Comme quoi les grandes idées sont dans l’air, hein ? Et chacun les renifle quand il a un tarbouif convenable.

Le groupe pénètre dans la geôle. Un quadruple faisceau illumine celle-ci. Ce que j’aperçois alors désoblige ma dignité humaine.

Deux hommes se trouvent enfermés dans cette grotte. En les apercevant, je me mets à penser à Louis XI, grand roi de France mais parfait salaud, qui tenait des captifs en cage dans les pires conditions en son château de Plessis-lez-Tours (Indre-et-Loire). Les deux hommes que je te cause[20] séjournent dans une cavité n’ayant pas plus d’un mètre cinquante de haut, ce qui les contraint à demeurer perpétuellement couchés, accroupis ou courbés. De plus, détail affreux, ils ne sont pas au sec car l’eau, à marée haute, submerge leur tanière d’une dizaine de centimètres. Au fond de ce trou, un jerricane (d’eau potable supposé-je). Mangent-ils ? Et quoi ? Et que deviennent leurs déjections ? Le flot fait le ménage, probable.

Mais bouge pas, attends, je t’ai pas tout dit : je connais l’un de ces deux prisonniers.

Tu veux savoir ?

Ted of London !

LES JUSTICIERS

Franchement, il n’était pas laubé, l’Anglicbe. Comme Apollon, il donnait davantage envie de gerber aux dadames qu’il ne les humectait (ôte-toi de là que je m’humecte !). Rouquin, rosâtre, tavelé, l’air fumier à foutre des cauchemars à Dracula, balafré par mes soins, c’était pas un lot à réclamer, l’artiste. Mais tu le verrais après quelques jours de détention dans ce trou à crabes, là il ferait avorter toutes les femelles vivipares de la création, à commencer par Mme Thatcher, dont mon gentil Renaud a écrit une remarquable biographie. Sa barbe rousse a poussé, il est tout tuméfié, tout égrotant, cerné, bouffi, vanné, brisé menu. Le moral en haillons, le corps en perdition. Plus du tout content de soi. Depuis mon bain de siège, je le contemple dans les clartés qui dansent autour de sa piètre personne, ajoutant une fantasmagorie sordide à cette scène de cauchemar.

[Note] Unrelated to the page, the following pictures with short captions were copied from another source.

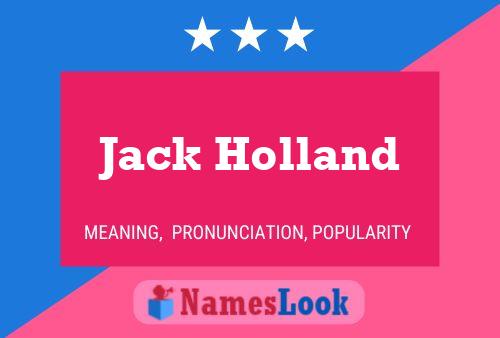 Affiche de nom Jack Holland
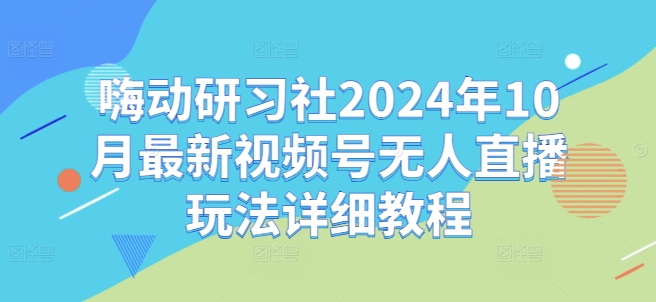 嗨动研习社2024年10月最新视频号无人直播玩法详细教程-星禾网创星球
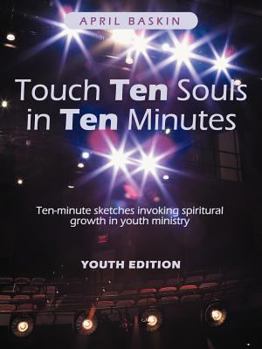 Paperback Touch Ten Souls in Ten Minutes: Ten-Minute Sketches Invoking Spiritural Growth in Youth Ministry Book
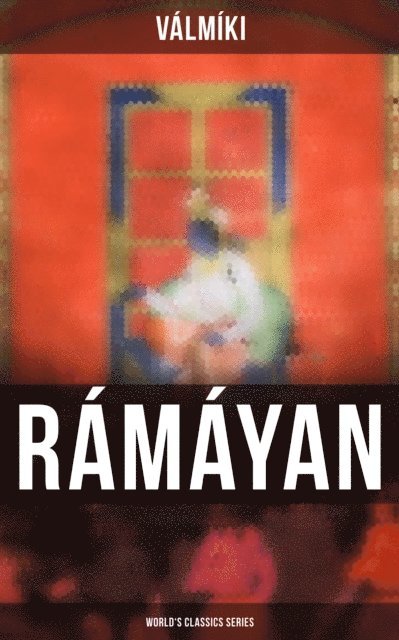 Valmiki, Ralph T. H. Griffith - Ramayan of Valmiki (World's Classics Series), E-bok
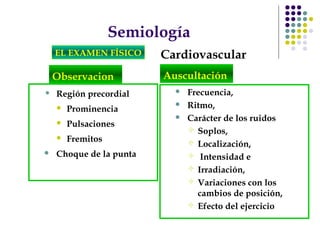 Semiología
EL EXAMEN FÍSICO Cardiovascular
Observacion
• Región precordial
 Prominencia
 Pulsaciones
 Fremitos
 Choque de la punta
 Frecuencia,
 Ritmo,
 Carácter de los ruidos
 Soplos,
 Localización,
 Intensidad e
 Irradiación,
 Variaciones con los
cambios de posición,
 Efecto del ejercicio
Auscultación
 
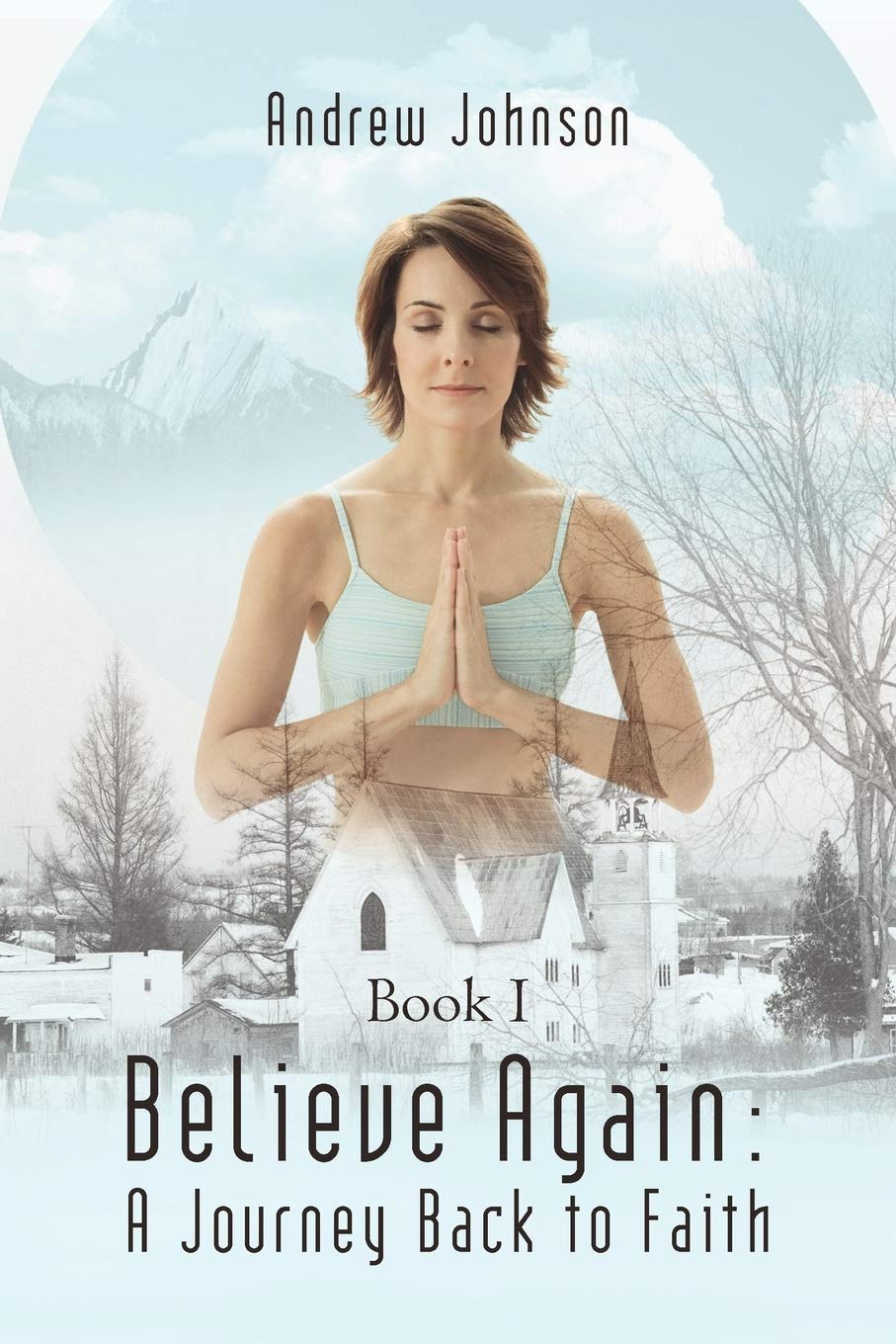 Believe Again: A Journey Back to Faith: Book I   -Paperback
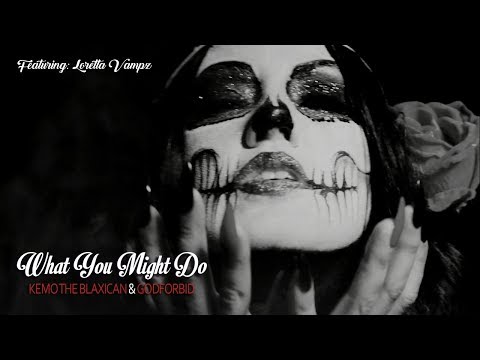 Kemo The Blaxican - What You Might Do (Featuring Godforbid) (Official Music Video)
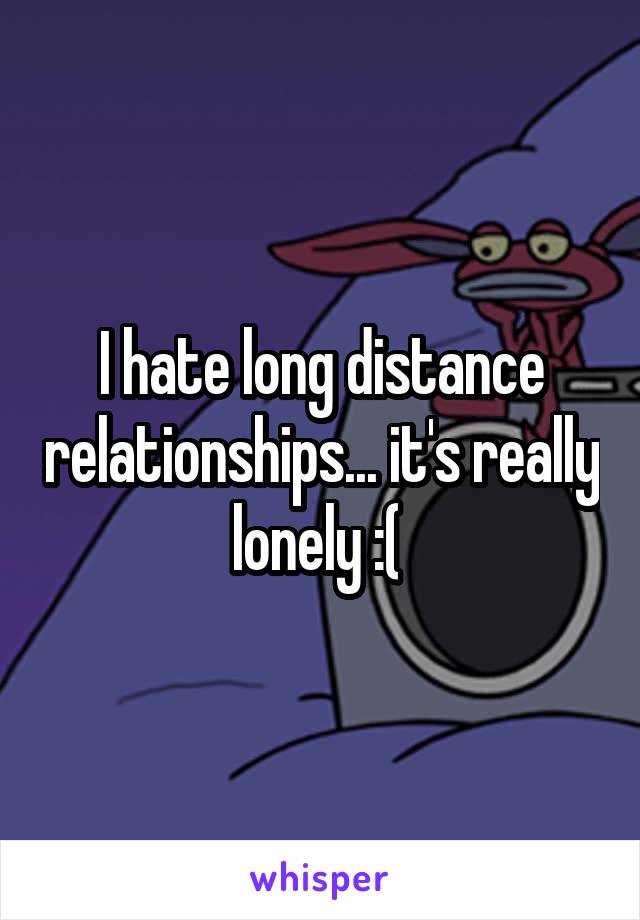 I hate long distance relationships... it's really lonely :( 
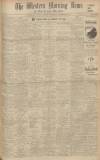 Western Morning News Thursday 29 November 1934 Page 1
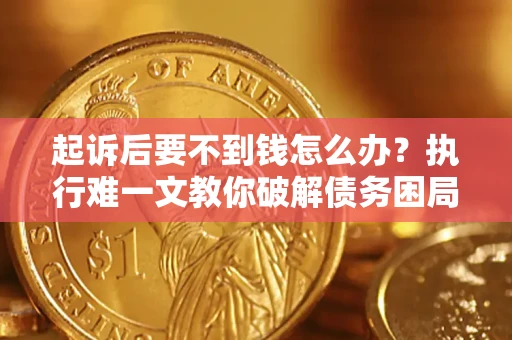北京起诉后要不到钱怎么办？执行难一文教你破解债务困局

Il se tient de guingois, la tête courbée, les jambes un tantinet fléchies ; déjà à bout de ressource.

L’homme qui dirige les opérations ordonne à son compagnon au projo d’éclairer l’individu.

— Voilà, monsieur Maurier, fait-il de son ton bonasse de maquignon, c’est lui !

L’élégant semble comme intimidé. Il s’approche d’un pas, regarde Ted, puis recule de deux.

La femme s’adresse au pauvre Rosbif :

— Je vous prie de raconter votre équipée de Neuilly, un matin de l’an passé.

Il a conservé son accent anglais, Ted of London. Ça donne un petit charme plaisant à sa converse, généralement. Mais là, il est à ce point démantelé que cet accent paraît pitoyable, voire même tragique.

Ses tortionnaires ont dû le « questionner » auparavant, lui faire cracher tout le morcif car il semble réciter un texte déjà dit. Ses hésitations, ses comas, sont dus à sa mémoire. Il cherche à retrouver des mots, non à retarder ses réponses.

— J’étais sans travail. J’ai rencontré un ami surnommé le « Para », qui m’a proposé un coup au domicile d’un industriel nommé Maurier qui habitait Neuilly.

Il parle… On dirait qu’il n’a pas pigé que le Maurier auquel il fait allusion est là, devant lui.

Depuis mon poste d’observation, je le contemple avec une vague commisération. Tous les hommes en mauvaise posture redeviennent plus ou moins des mêmes.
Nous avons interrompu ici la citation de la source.